### The problem:
Any picture in the entries is to be skipped, while everything else is transcribed word for word.

### Material provided:
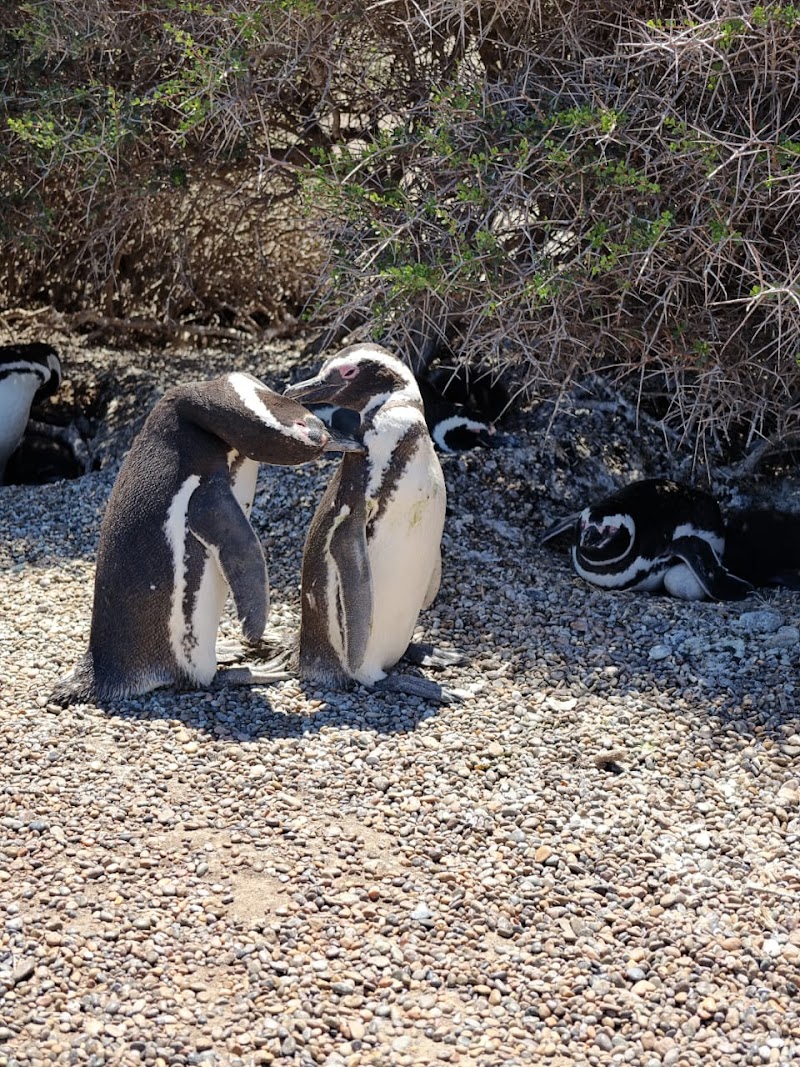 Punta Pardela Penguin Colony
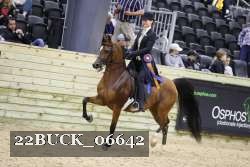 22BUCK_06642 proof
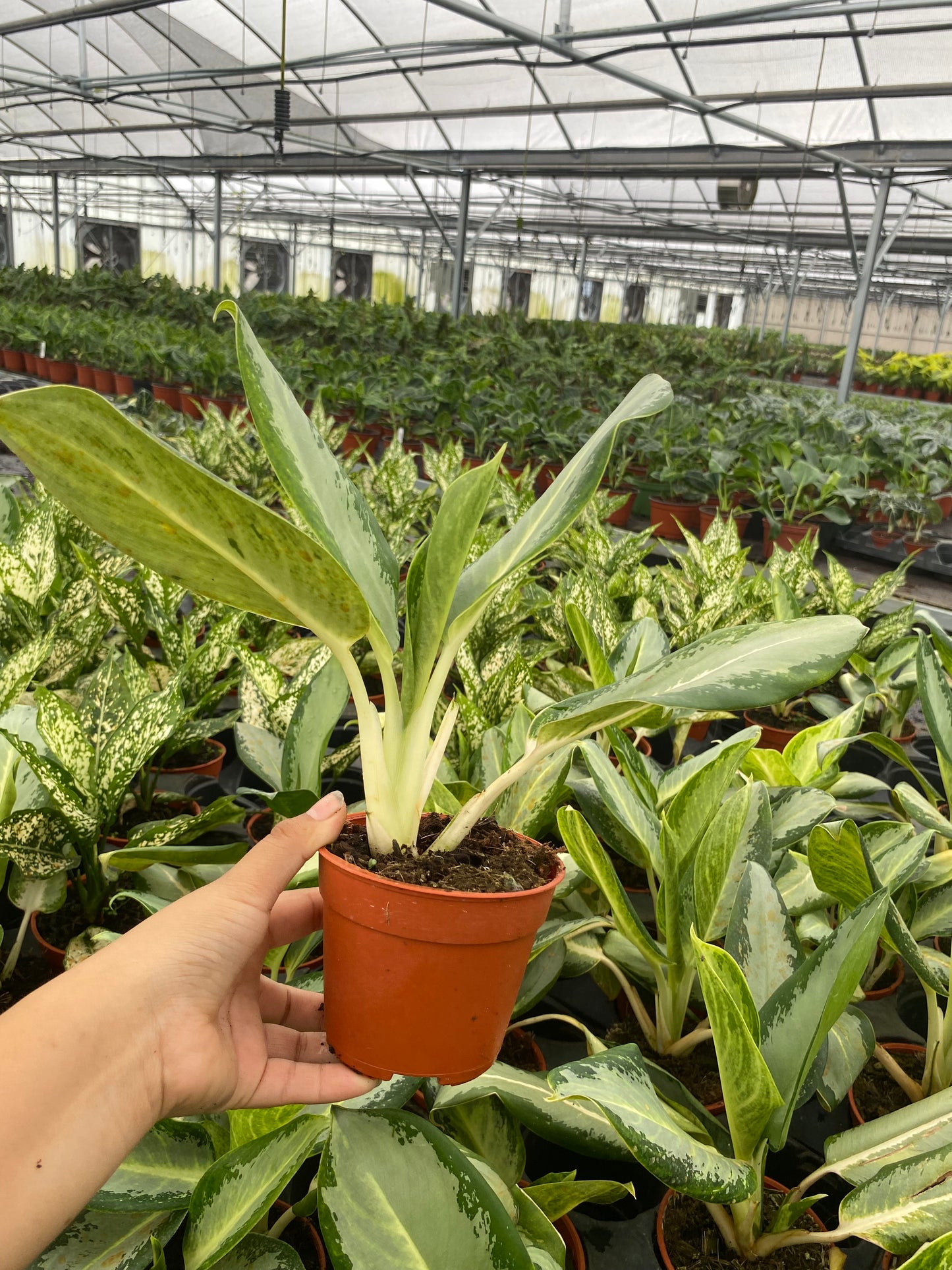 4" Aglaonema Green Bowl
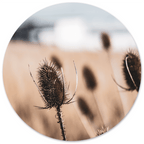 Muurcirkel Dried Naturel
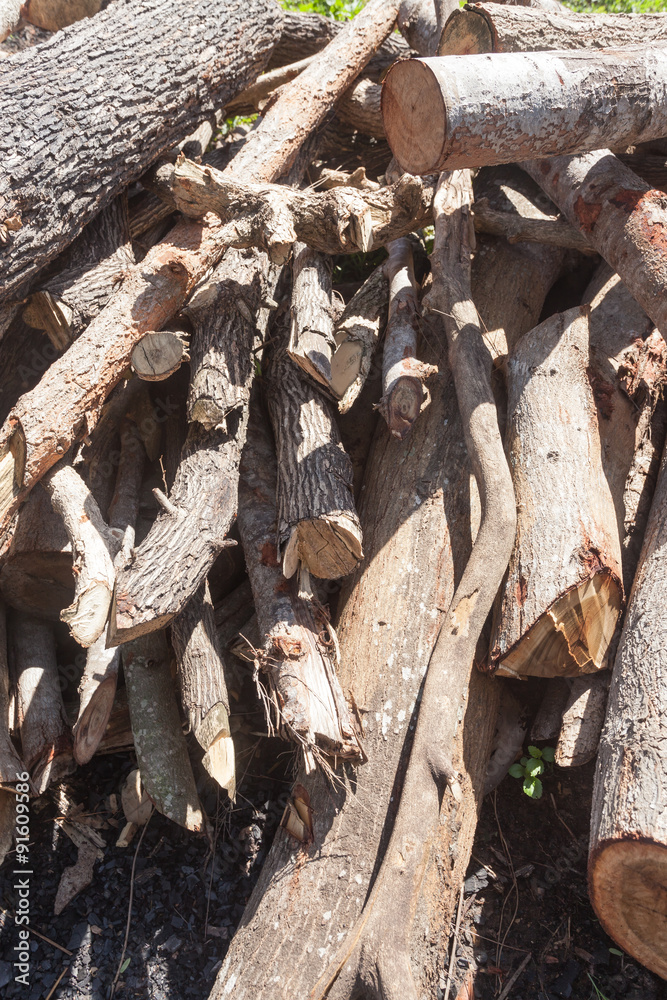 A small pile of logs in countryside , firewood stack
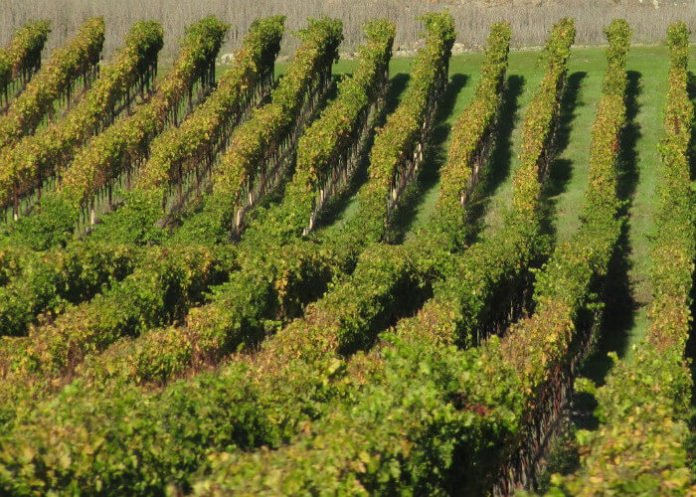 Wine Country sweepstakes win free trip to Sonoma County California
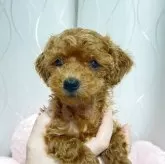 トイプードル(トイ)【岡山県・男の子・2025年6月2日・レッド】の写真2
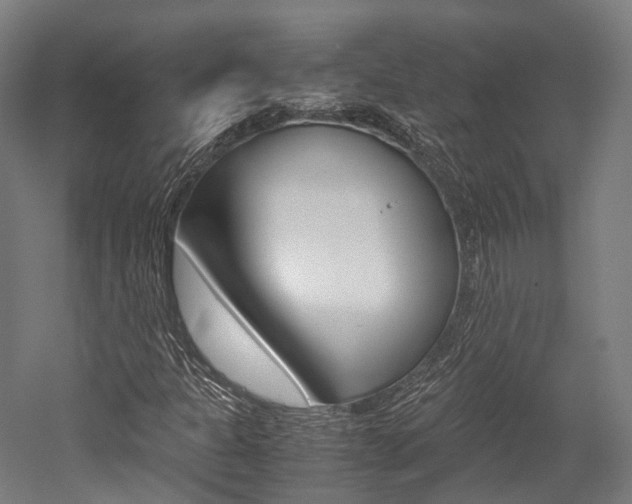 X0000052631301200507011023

### Solution to the exercise:
 Punta Pardela Penguin Colony
 22BUCK_06642 proof
 4" Aglaonema Green Bowl
 Muurcirkel Dried Naturel
 A small pile of logs in countryside , firewood stack
 Wine Country sweepstakes win free trip to Sonoma County California
 トイプードル(トイ)【岡山県・男の子・2025年6月2日・レッド】の写真2
 X0000052631301200507011023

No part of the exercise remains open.